Ways to stop the biting:

1. Don't disturb the hedgie at the wrong time, experienced that this morning when trying to see how he was doing and he tried to take my finger tip off followed by my wrist....
2. If the hedgie does bite you need to first push towards their mouth and if that doesn't work then puff some air in its face and it should let go. 
3. I have seen that you can have a Q-tip with alcohol on it and if the hedgie bites just put the alcohol on its snout just above its nose and this should help to keep future biting down or make it stop.

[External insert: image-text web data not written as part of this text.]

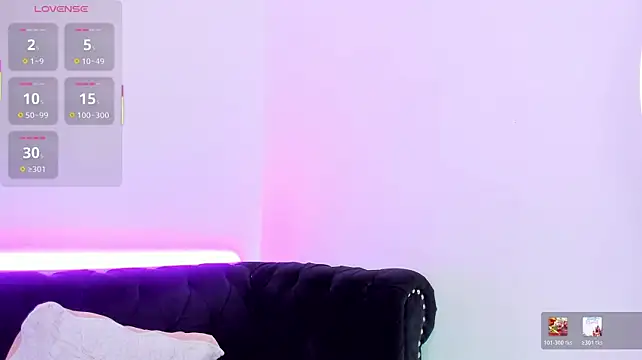 Czat XXX na żywo – Axel_grey_
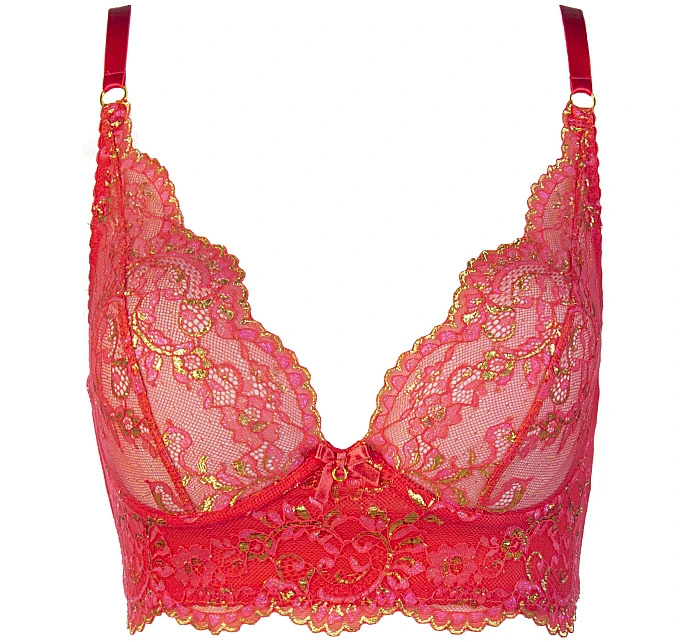 Polokorzet V-11901 - Axami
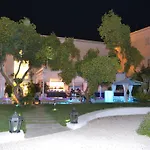 Relais Corte Degli Aragonesi Ischia
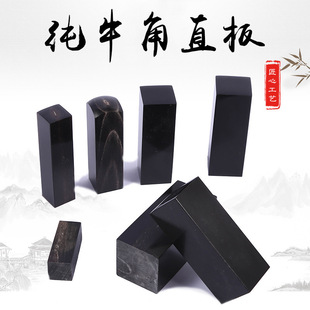 ��Ʒ�؃r��Ȼ��ţ��ӡ�²������l�D�µ�̲���˽�����·��º�����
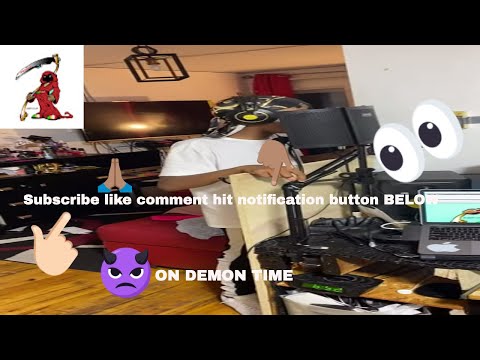 STUDIO In the studio with @official.JAY_BANDO @WORLDSTARHIPHOP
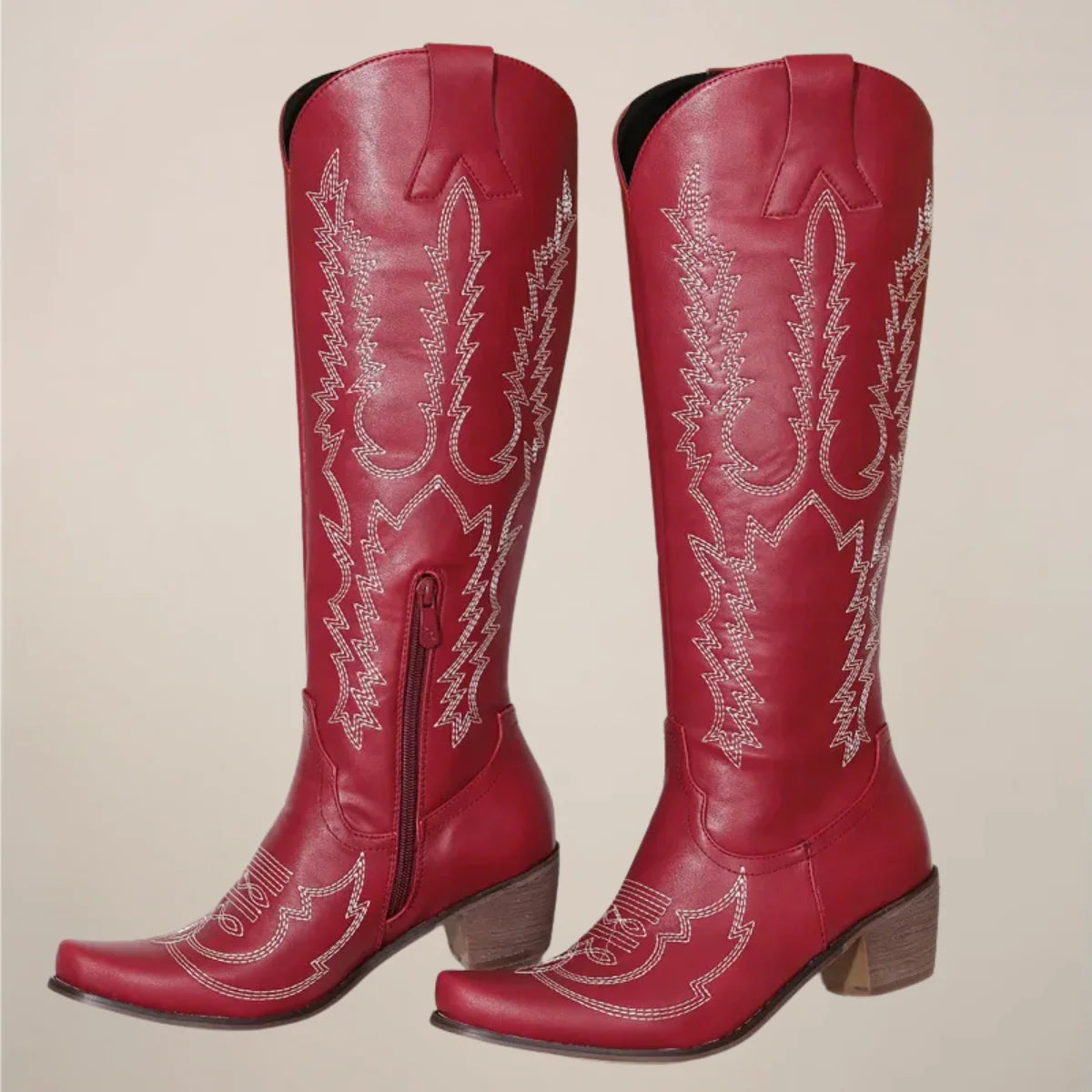 63243992269090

Keep in mind that some may never stop biting (from what i have found in my research) but that doesn't mean they are a bad animal you just have to handle them differently or not at all. They are solitary animals so it shouldn't affect them too much. 

Hope this helps


----------



## Trakx (Sep 18, 2013)

My hedgie (a little boy) is now 14 weeks old. He's very used to being handled, although he's not always keen on his cuddles. Recently though, he's started biting, and the bites are becoming more vicious daily! He's progressed from a couple of gentle nips, to now attacking one finger 3 or 4 times until he draws blood. He now also takes a firm grip while biting, and won't let go until I've blown on his face at least twice!
I refuse to be manipulated so I maintain contact with him (Sonic  ) until he settles down.
Anyone have any suggestions as to stopping this biting habit?


----------



## Spike12 (Oct 19, 2013)

Mine is 13 weeks old and loves to bite into shirts or in my friendship bracelets and my hands. But he licks for about 5-6 seconds before doing it so I have the time to blow on him to make him stop and he's not doing it when I move him in my hands!


----------



## LittleWontonPoo (Aug 31, 2013)

coopdavillage said:


> I have seen that you can have a Q-tip with alcohol on it and if the hedgie bites just put the alcohol on its snout just above its nose and this should help to keep future biting down or make it stop.


Is that safe for the hedgie? Isn't the alcohol too strong and will irritate their nose?


----------